If we want to talk about the most prominent voices that have built their models on “digging up dirt” and “tearing down people” for their political interests, we cannot fail to mention Tucker Carlson. He was taken off the air from Fox News, and his email account shut off. There is much speculation concerning his firing. It is known that tapes released by the Dominion lawsuit focused on Carlson’s duplicitous play in the last election. Fox might have been afraid that the double-speak of telling people in the open what he was contradicting in the dark was costing them too much.
As noted, Fox paid Dominion (the voting machine company) nearly $800,000,000 to settle the lies about Dominion’s handling of the voting machines. More cases are connected with Carlson, so Fox hastened to fire him, even while negotiating his contract renewal through 2029.
I have noted what is happening in the public sphere to make the point that so much is being done to “tear down one another” instead of “building up one another” that if not corrected, we will destroy ourselves.
Let me turn to Scripture, where the apostle Paul instructed the churches, he established that they were to “Build up one another” (cf. Romans 14:19; 1 Thessalonians 5:11). Jesus said prior, “Judgenot, that you be not judged. 2 For with whatjudgment you judge, you will be judged; and with the measure you use, it will be measured back to you.” (Matthew 7:1, 2 NKJV).
The instructions might be directed at church folks in the first place, but one would wish they could serve in the public square, where so much hurt is being done in the tearing down of others.
What is most hurtful is how much our children are learning from the lying, disrespect, bitterness, and lack of kindness and compassion from the frame of tearing down. In one of my devotionals, I read a very instructive thought: “God does not want us to place ourselves upon the judgment seat and judge each other… When we see errors in others, let us remember that we have faults graver, perhaps, in the sight of God than the fault we condemn in our brother. Instead of publishing his defects, ask God to bless and help him overcome his error. Christ will approve of this spirit and action and will open the way for you to speak a word of wisdom that will impart strength and help to him who is weak in the faith.” (OFC 127.6)

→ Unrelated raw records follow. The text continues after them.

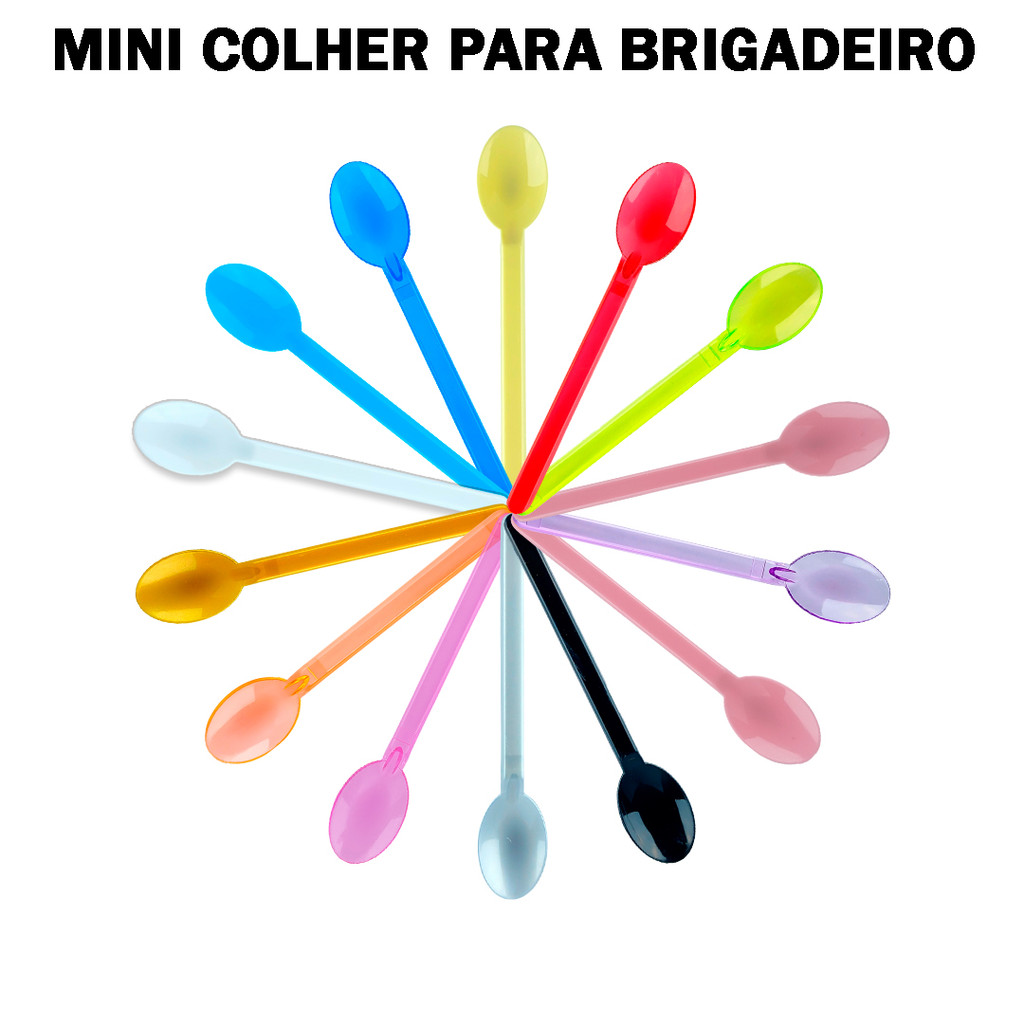 Mini Colher para Café Chá Brigadeiro Doces C/ 50 Uni Colorido | Shopee ...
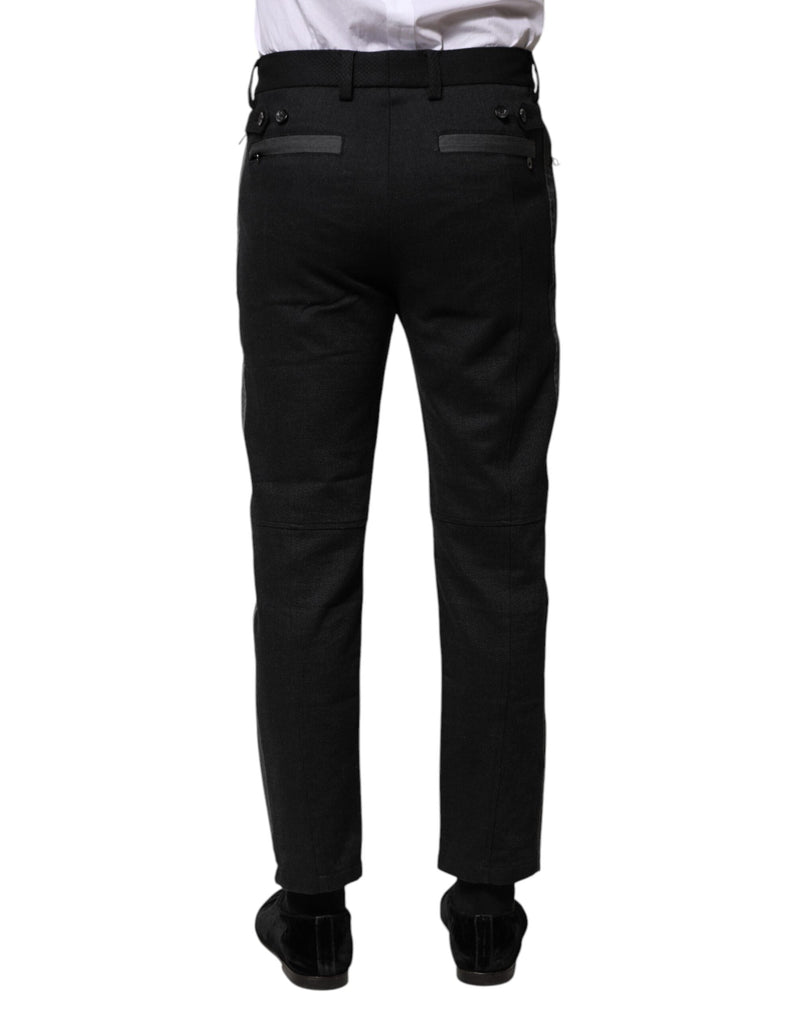 Black Gray Fantasy Cotton Formal Slim Pants Dolce & Gabbana
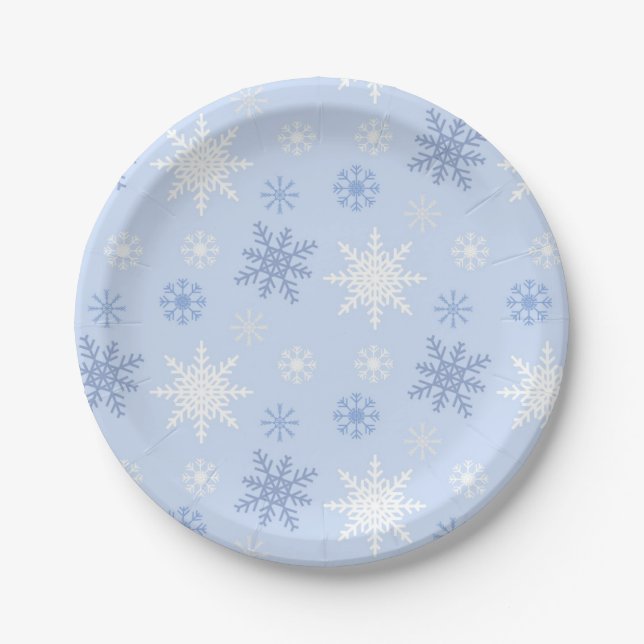 Snowflake pattern paper plates (Front)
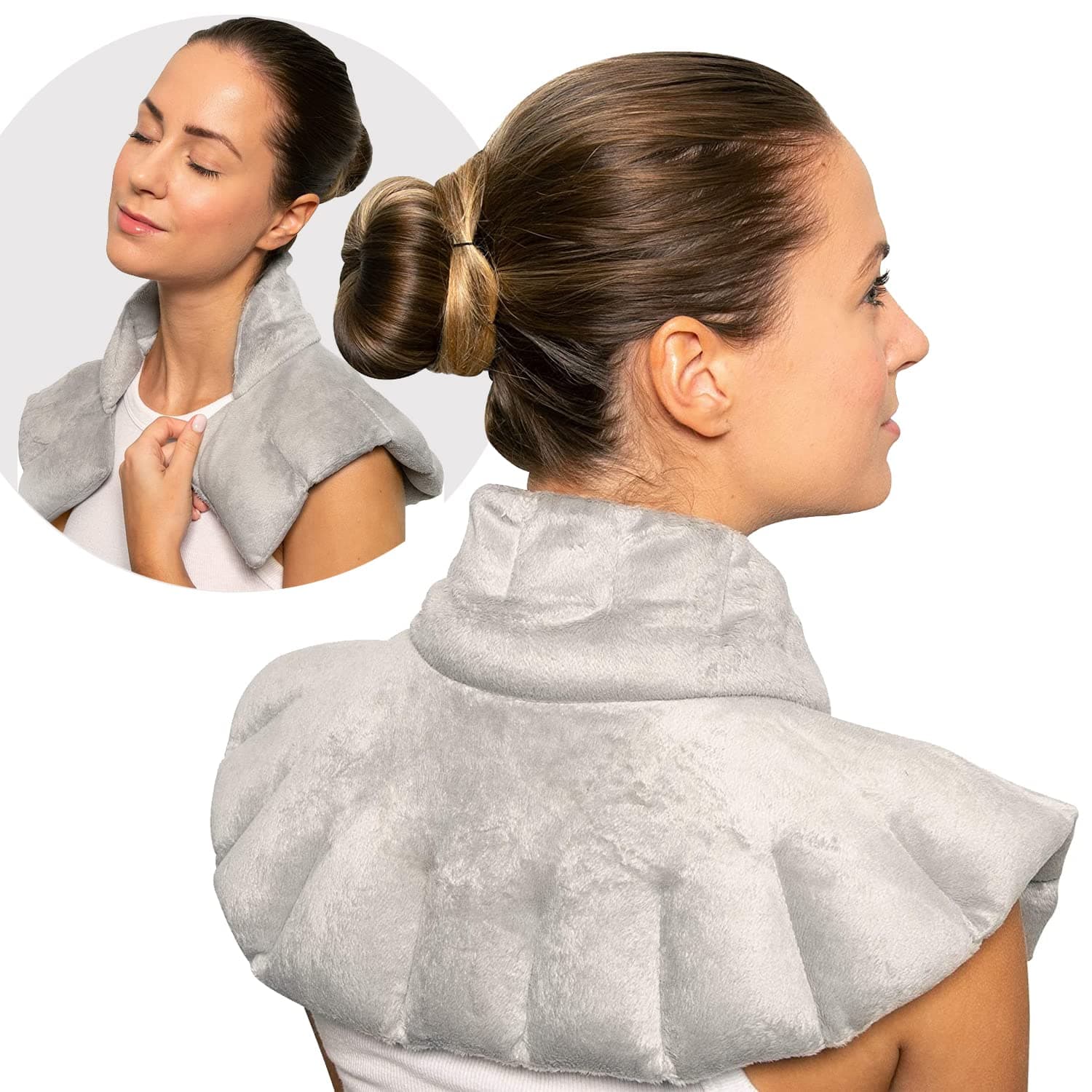 Bed Buddy Lavender Microwave Heading Pad for Back/Shoulder/Neck Pain Relief - Heated Neck Wrap and Shoulder Heating Pad, Lavender and Chamomile Aromatherapy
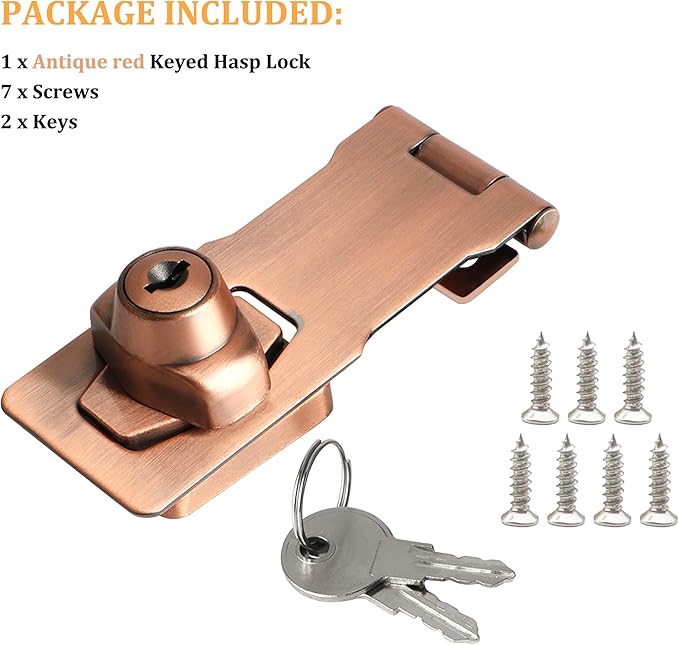 Alise Keyed Hasp Lock,3 Inch Safety Packlock Clasp Hasp Lock Latch with Lock,Door Hinge Lock with Keys Keyed Locking Hasp for Cabinets Closets Doors,Red Bronze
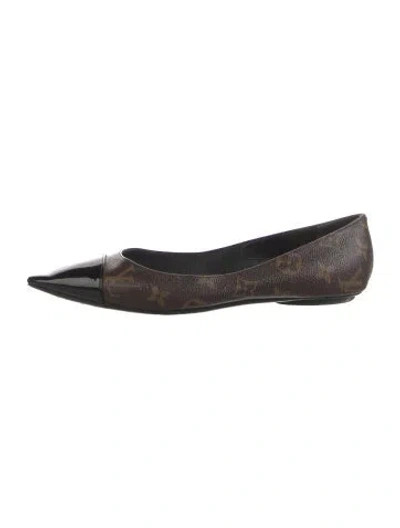 Pre-owned Louis Vuitton Lv Monogram Ballet Flats In Black/brown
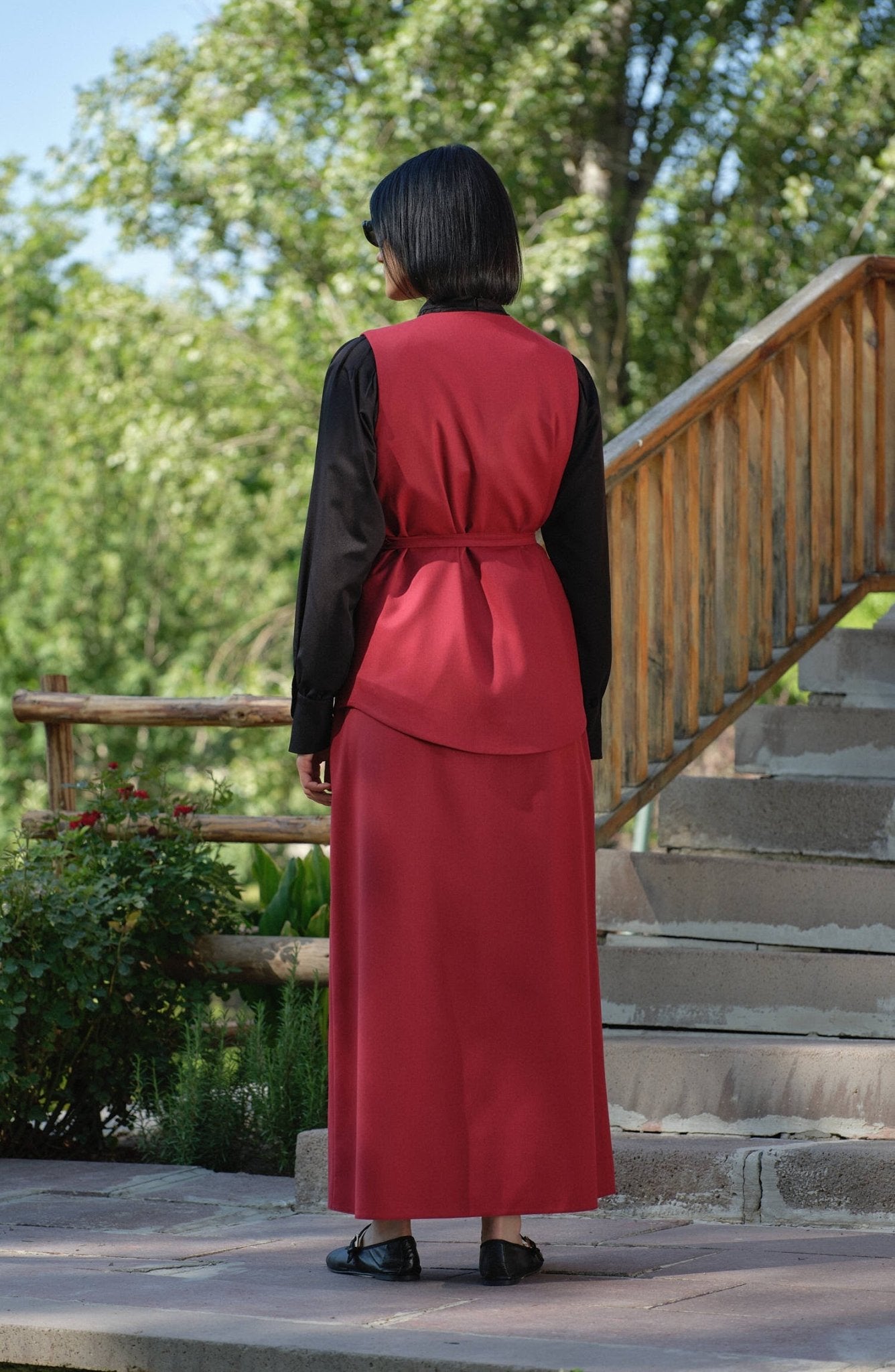Gabardin Bağlamalı Bordo Yelek Etek Takım - Fatma Atasoy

It is likely that if you are reading this reflection and are thinking that the latter instruction is different from how one wins elections or works in a competitive environment, then here are a few questions I would ask. 1. How effective is the tearing down of one another in any environment you have been in? 2. What has been or is the result of building up another in your home, the church, or the public sphere?
For me, building up one another has always proven to be a blessing, and I hope you can try it to see how much it will bless you. Then, let me invite you to build up somebody today.